Publié le jeudi 1 octobre 2009 à 04:00
Photo France-Soir
Enfant, les géants le faisaient marrer. Chaque lundi de Pentecôte, sa vieille tante invitait la famille pour la fête des géants du village. Stéphane Deleurence se souvient de la foule en liesse, de la musique entraînante, du sourire des gens et de ses yeux émerveillés devant la beauté des géants… Devenu adulte, Stéphane a choisi de prolonger son enfance. Depuis trente ans, cet artiste plasticienne donne naissance à ces grandes figures du folklore populaire du nord de la France. Il a déjà réalisé plus de 50 géants et ne compte pas s’arrêter là. Il crée, restaure ou refait à l’identique, selon la demande. Les créateurs de géants sont peu nombreux.

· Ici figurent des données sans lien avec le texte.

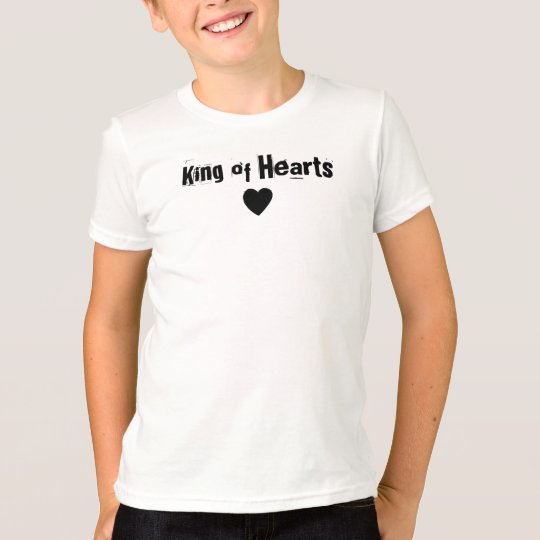 King of Hearts T-Shirt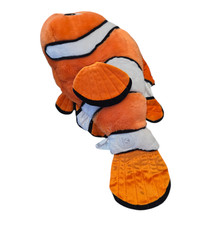 Disney Store Nemo Plush Stuffed Finding Nemo Clown Fish 16"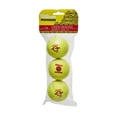 thumbnail image 1 of Pelotas de Tenis WILSON Minions Amarillas Stage 3 Juego de 3, 1 of 2
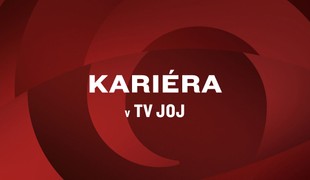 Kariéra v TV JOJ / Životopis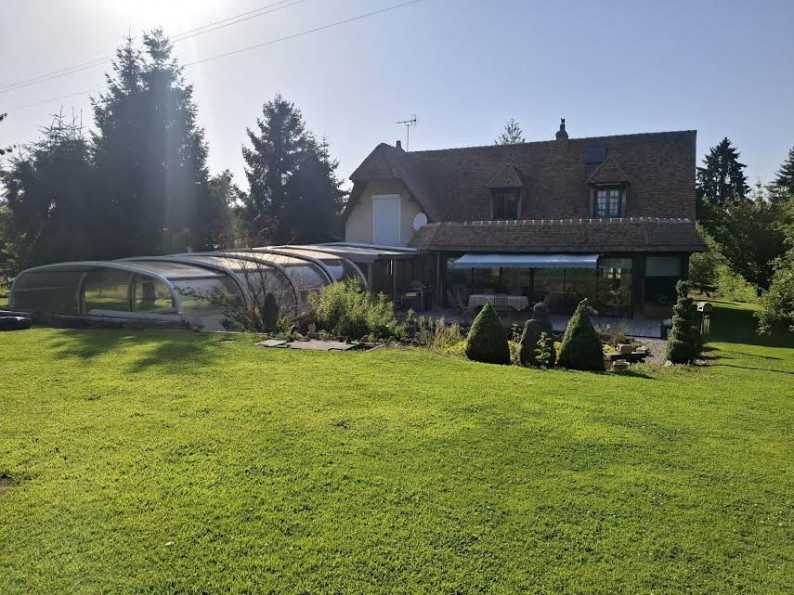 vente Maison Lyons La Foret - Photo 8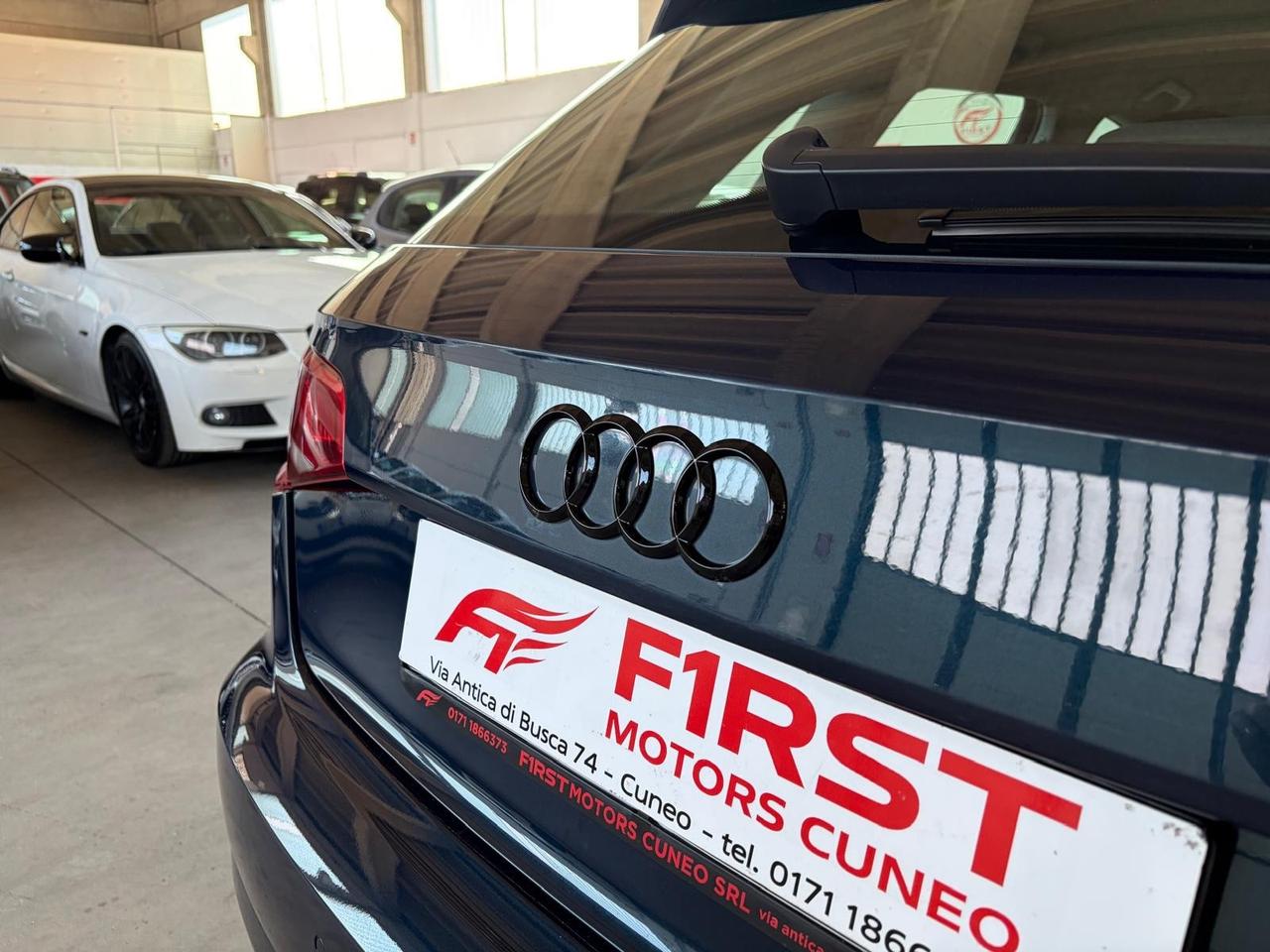 Audi A3 SPB 30 TDI S tronic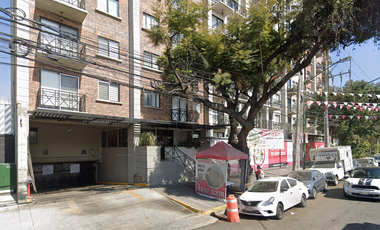 DEPARTAMAENTO EN  VENTA SANTA CRUZ DE LAS SALINAS AZCAPOTZALCO CDMX OPORTUNIDAD HIPOTECARIA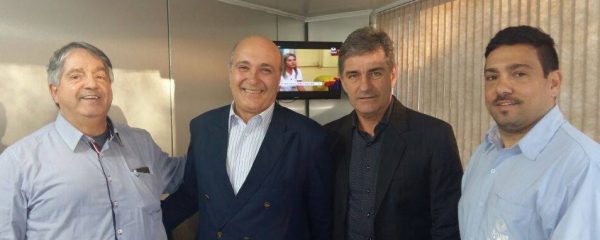 Programa sobre gastronomia estreia na TV U Programa sobre gastronomia estreia na TV U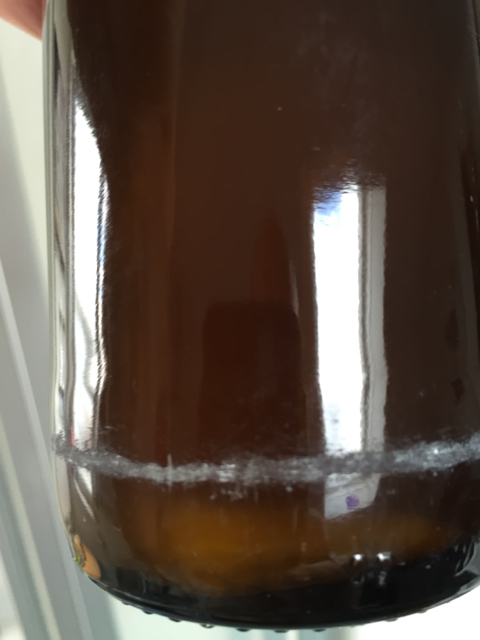 Ordentlich Bodensatz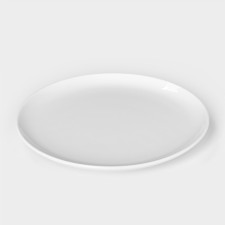 Porcelain plate 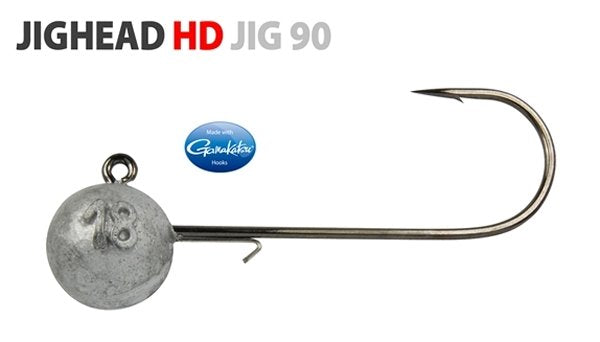 Spro Round Jighead Heavy Duty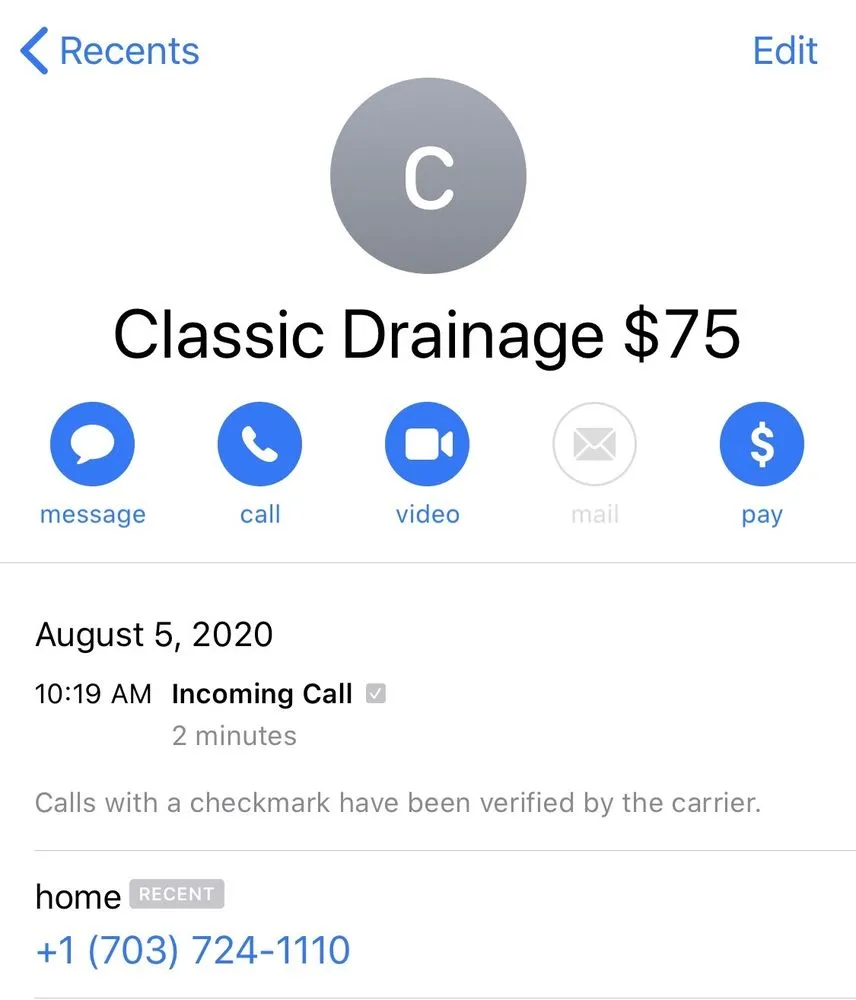 Professional landscape design for outdoor upgrades across Sterling, VA - Classic Drainage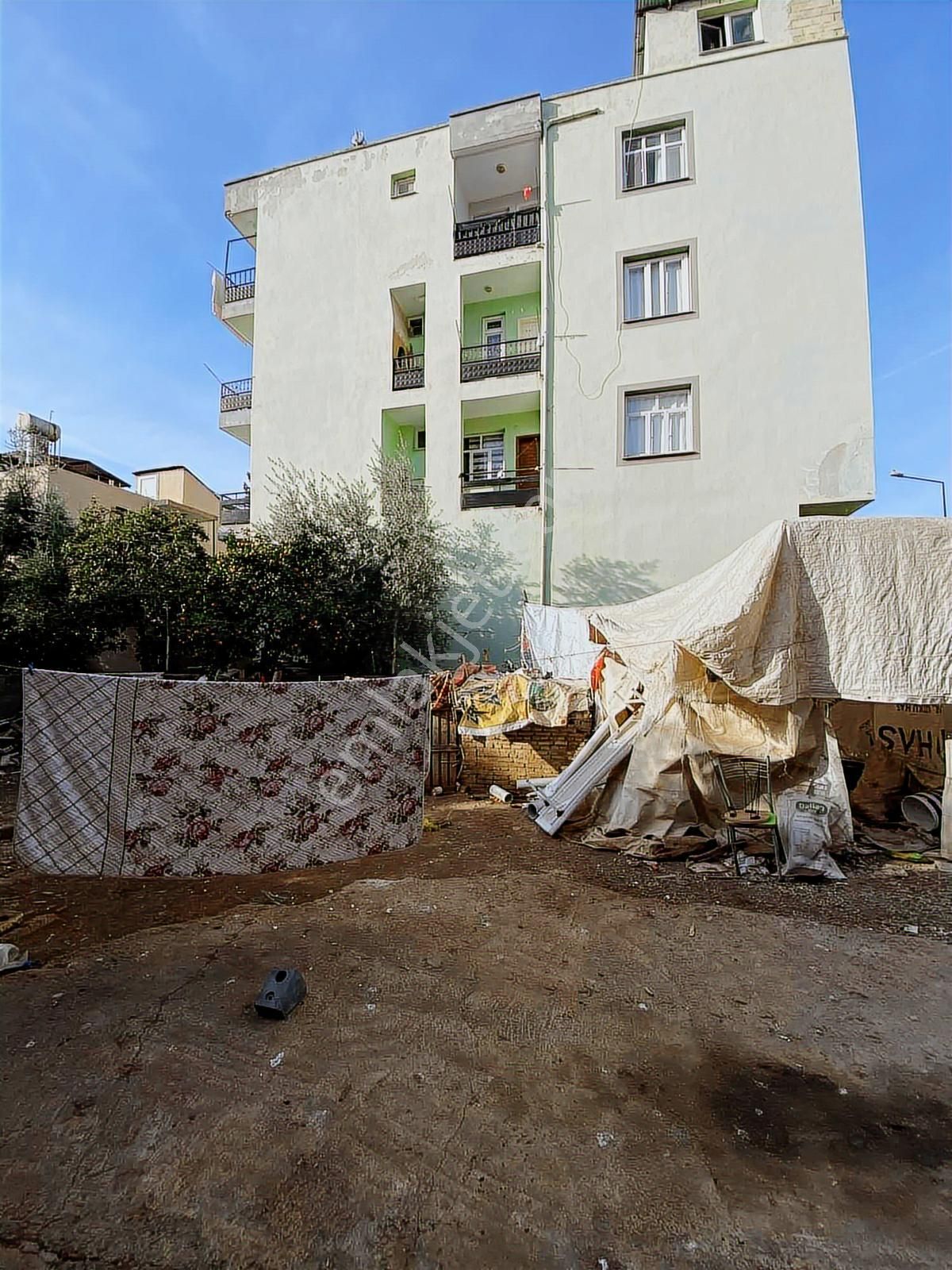 Kozan Gayrimenkulden Andıl Caddesinde Apartman Arsası 633 M2 - Görsel 14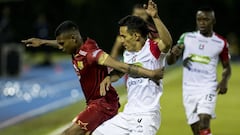 Rionegro avanza a semis y deja a Once Caldas en el camino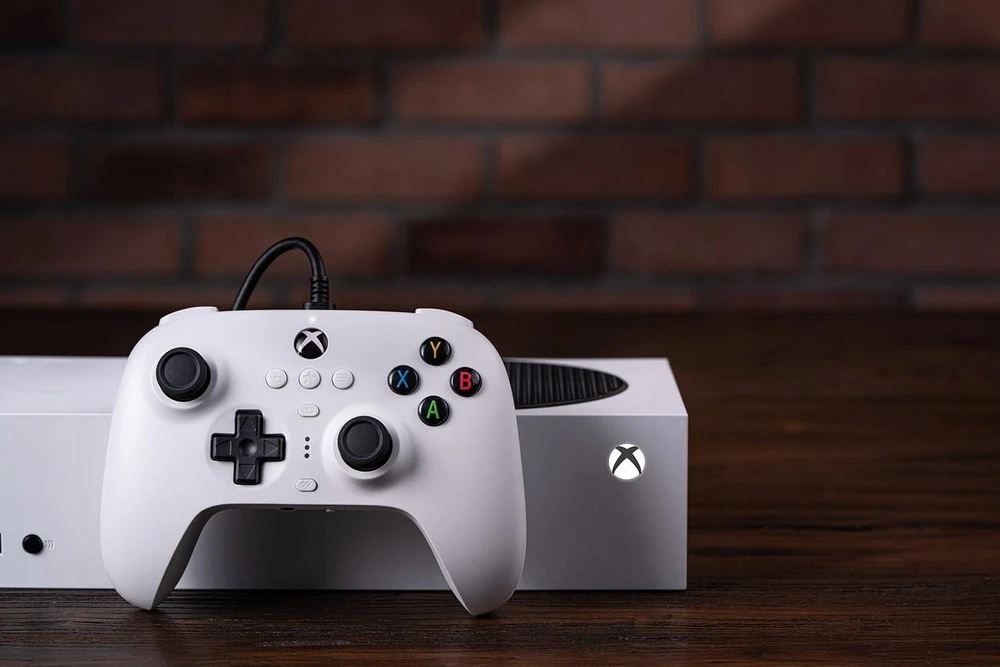 8BitDo Ultimate laidinis valdiklis XBOX Hall Ed/Juodas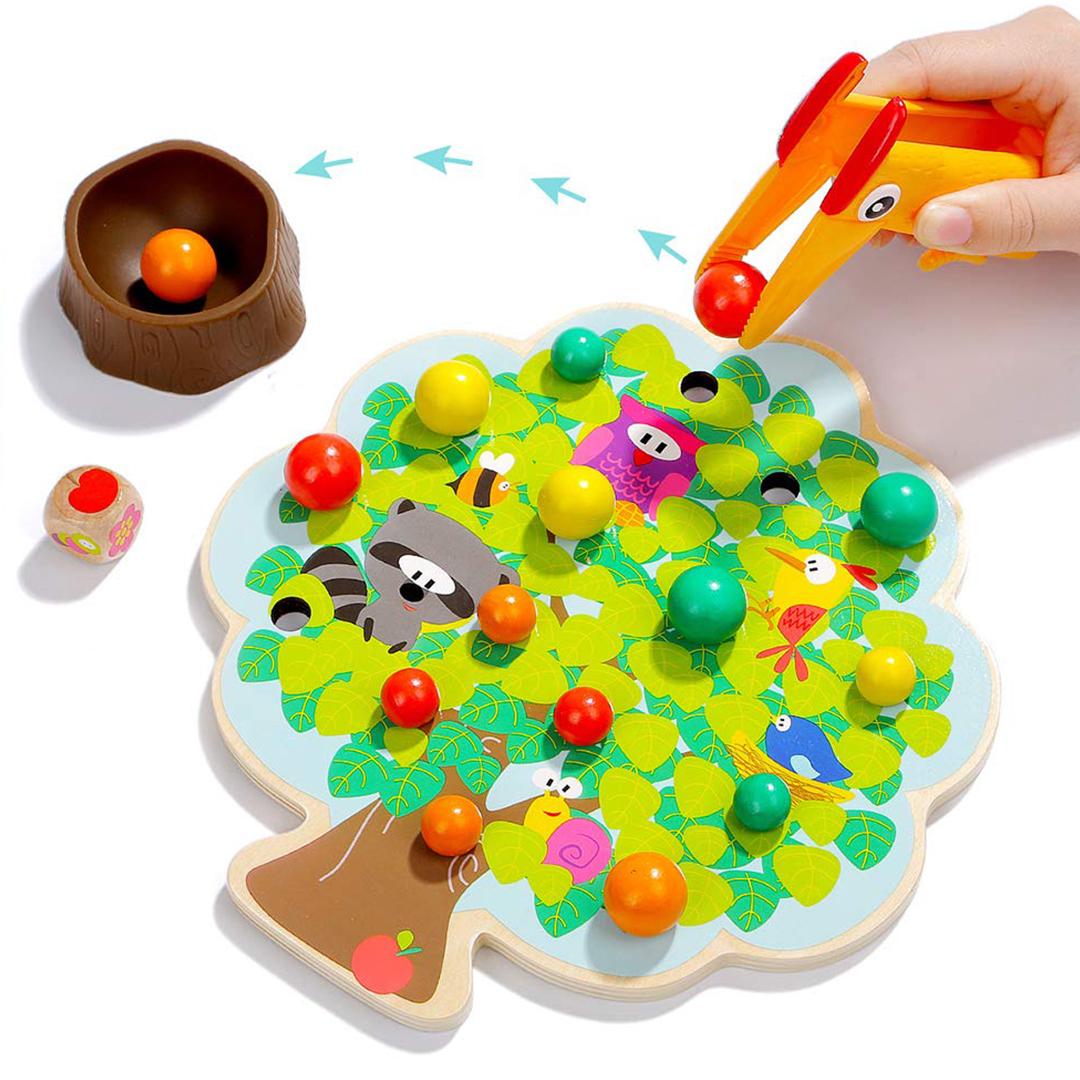 COSECHADOR DE FRUTAS PICK MY APPLES (JTBABYTB6068)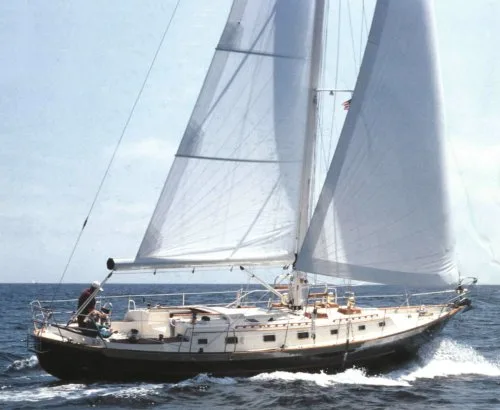 Pacific Seacraft Pacific Seacraft 44 — фото 1 из 2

Le travail de Stéphane Deleurence est reconnu et apprécié même en Belgique où certaines communes font appel à ses mains d’or.
Il y a quelques mois, la ville de Lesquin est venue passer commande. La commune, soutenue par les membres d’une association, a décidé de faire revivre leurs géants, Hyppolite le garde-champêtre et sa femme Titée. « Avant de se lancer dans la fabrication d’un géant, il faut penser au local qui l’accueillera, aux porteurs qui le feront sortir et aux personnes qui s’occuperont de son entretien », explique Stéphane Deleurence. L’homme a installé son atelier dans sa maison à Beaucamp-Ligny, près de Lille. Comme bon maître d’oeuvre, il fait tout de A à Z. Dans son jardin, différentes espèces de rosier s’épanouissent. Il s’en sert pour confectionner la structure du géant. Stéphane travaille le cuir, le rotin, la terre glaise, le métal, le plâtre, le tissu, le papier… Le crin de cheval peut servir à l’élaboration des sourcils et des cheveux. Si une barbe où une chevelure doit frisotter, il se sert de papillotes en plomb.
Exercice périlleux
Chaque géant représente entre 400 et 500 heures de travail. Stéphane commence toujours par la structure puis les bras, le visage et les mains. La réalisation d’un géant peut paraître facile mais l’exercice est périlleux. « Le géant doit être léger tout en étant costaud. Il doit être démontable, facile à porter, résistant à l’eau et les vêtements doivent pouvoir s’enlever facilement pour être nettoyés. Il faut arriver à faire un ensemble cohérent. » Stéphane se charge aussi de la réalisation des accessoires. Pour Titée, il s’agira d’une cafetière. Quant à Hyppolite, un tambour, un sabre et un chapeau compléteront le personnage. Toute la ville de Lesquin est associée à cette aventure. Dans quelques jours, Stéphane se rendra dans l’école de la commune pour expliquer son travail aux enfants. « Je viens avec mes dessins pour leur montrer comment seront Hyppolite et Titée. J’apporte aussi du rosier, de la terre pour leur expliquer ce que l’on peut faire avec. Ils se sentent concernés. » Rien de plus normal. Quand les géants sont de sortie, ils représentent les gens de sa commune. Ils contribuent à donner une identité à des populations aux prises avec les difficultés économiques et sociales de la vie moderne. Quand les deux géants seront terminés, ils seront baptisés lors d’une cérémonie officielle. Les habitants de Lesquin attendent ce jour avec impatience.